在 Kubernetes 中,Pod 是调度的基本单元,也是所有内置 Workload 管理的基本单元,无论是 Deployment 还是 StatefulSet,它们在对管理的应用进行更新时,都是以 Pod 为单位,Pod 作为 Immutable Unit。然而,在部署业务时,Pod 中除了业务容器,经常会有一个甚至多个 SideCar Container,如何在不影响业务 Container 的情况下,完成对 SideCar Container 的原地升级呢,这正是本文需要探讨的技术实现。
本文基于 Kubernetes 1.12 撰写
为什么需要容器的原地升级
在 Docker 的世界,容器镜像作为不可变基础设施,解决了环境依赖的难题,而 Kubernetes 将这提升到了 Pod 的高度,希望每次应用的更新都通过 ReCreate Pod 的方式完成,这个理念是非常好的,这样每次 ReCreate 都是全新的、干净的应用环境。
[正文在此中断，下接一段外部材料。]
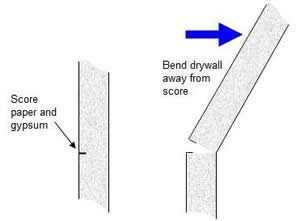 cutting drywall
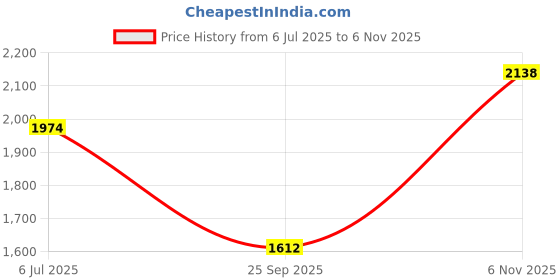 amazon.in mochi Men's Double Monk Stylish Dressy Leather Shoes mochi Price History Graph from 6 Jul 2025 to 6 Nov 2025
对于微服务的部署,这种方式并没有带来多大的负担,而对于传统应用的部署,一个 Pod 中可能包含了主业务容器,还有不可剥离的依赖业务容器,以及 SideCar 组件容器等,这时的 Pod 就显得很臃肿了,如果因为要更新其中一个 SideCar Container 而继续按照 ReCreate Pod 的方式进行整个 Pod 的重建,那负担还是很大的,体现在:
因此,因为要更新一个轻量的 SideCar 却导致了分钟级的单个 Pod 的重建过程,如果应用副本数高达成百上千,那么整体耗费时间可想而知,如果是使用 StatefulSet OrderedReady PodManagementPolicy 进行更新的,那代价就是难于接受的。
因此,我们迫切希望能实现,只升级 Pod 中的某个 Container,而不用重建整个 Pod,这就是我们说的容器原地升级能力。
Kubernetes 是否已经支持 Container 原地升级
答案是:支持!其实早在两年都前的 Kubernetes v1.5 版本就有了对应的代码逻辑,本文以 Kubernetes 1.12 版本的代码进行解读。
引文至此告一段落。